From Michelle Lancaster

We all know that our neighborhood is the hippest in the city, given our plethora of amazing shops, bars, restaurants, galleries and music venues. But somewhere in the hazy moments after an opening, followed by too many cocktails at a bar and late night half-smokes, we may forget what makes the neighborhood truly spectacular – the really fascinating people living here!

In this new ongoing series on Interesting Borderstanis (got a better title?), we’ll profile some of the unique, inspiring and downright interesting folks that are all around you.

Julie Mason: reporter, dog owner and Borderstani. (Luis Gomez Photos)

Meet Julie Mason

Meet Julie!

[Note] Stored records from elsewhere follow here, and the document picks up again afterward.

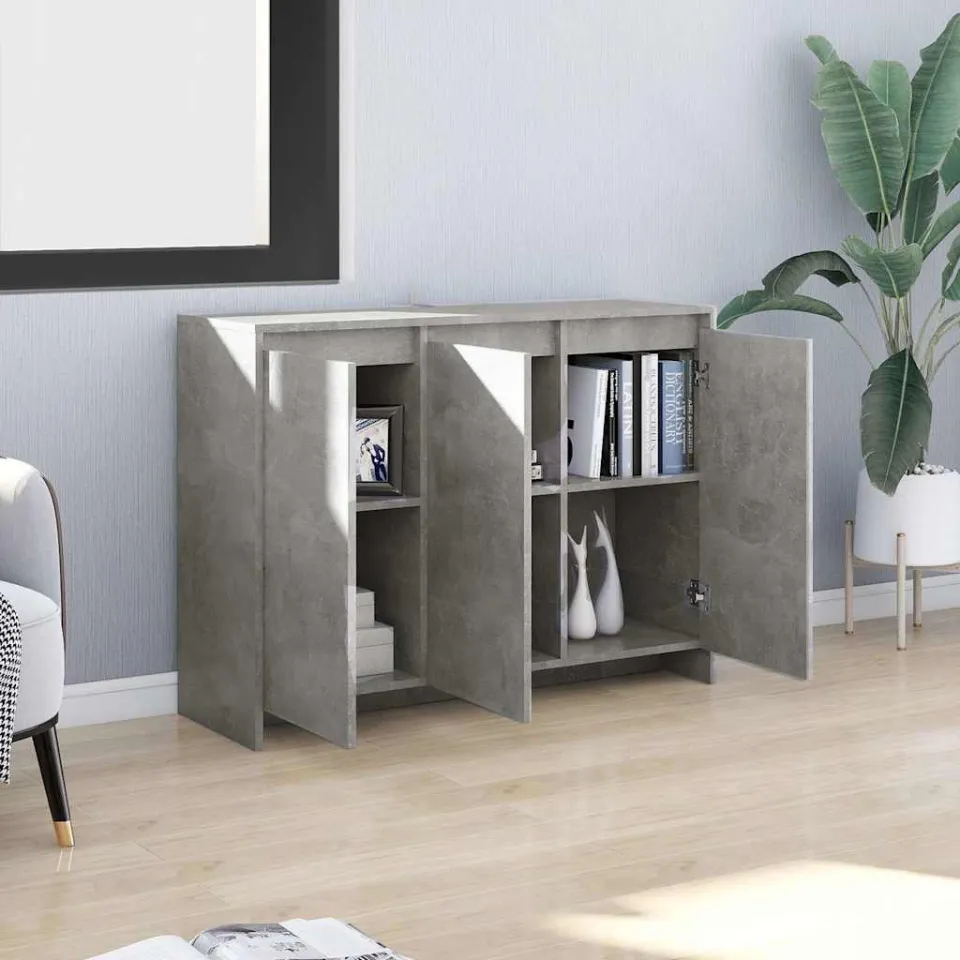 vidaXL Dressoir 102x33x75 cm bewerkt hout betongrijs grijs, foto 3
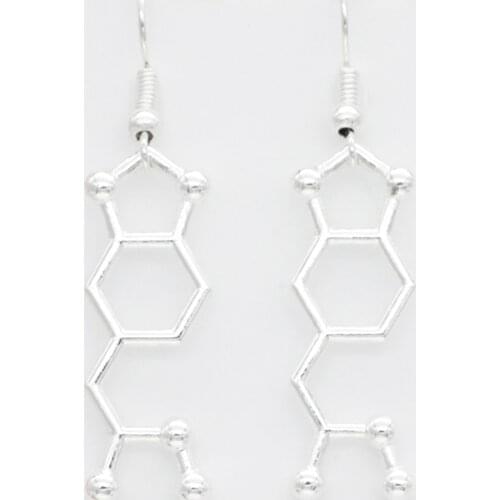 E049 Fashion Simple alloy earrings molecular science student earring jewelry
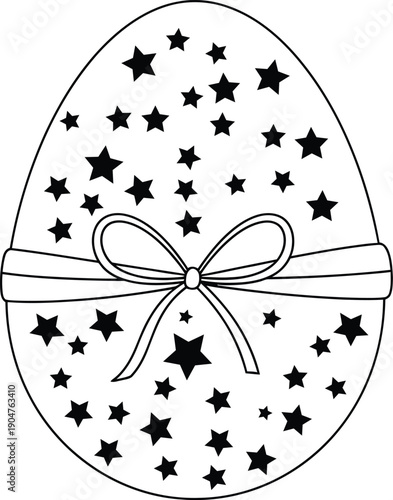 Easter egg with stars and ribbon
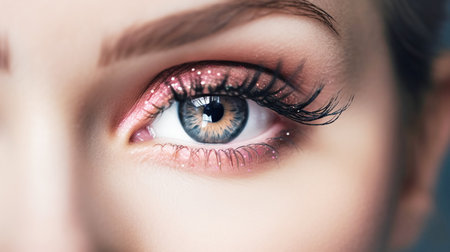 Beautiful eye trendy pink glitter makeup and black long eyelashes, barbicor style. Part of a womans face close-upの素材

You may have read her coverage of the White House when she worked for the Houston Chronicle or locally at the Washington Examiner. Maybe you know her for her lovely scented doggy bags or perhaps, like me, you are simply dying to feed her a steady stream of cava cocktails until she spills the beans on state secrets and hanging out with Ian MacKaye.

Here’s Julie in her own words.

When and why did you first move to D.C?

I went to AU in the 80s – the best time for music in DC, during the old hardcore days – and I left in 1988 to work in Texas but always had it in my head to move back. I finally got the chance in early 2001 when my newspaper transferred me to the Washington bureau.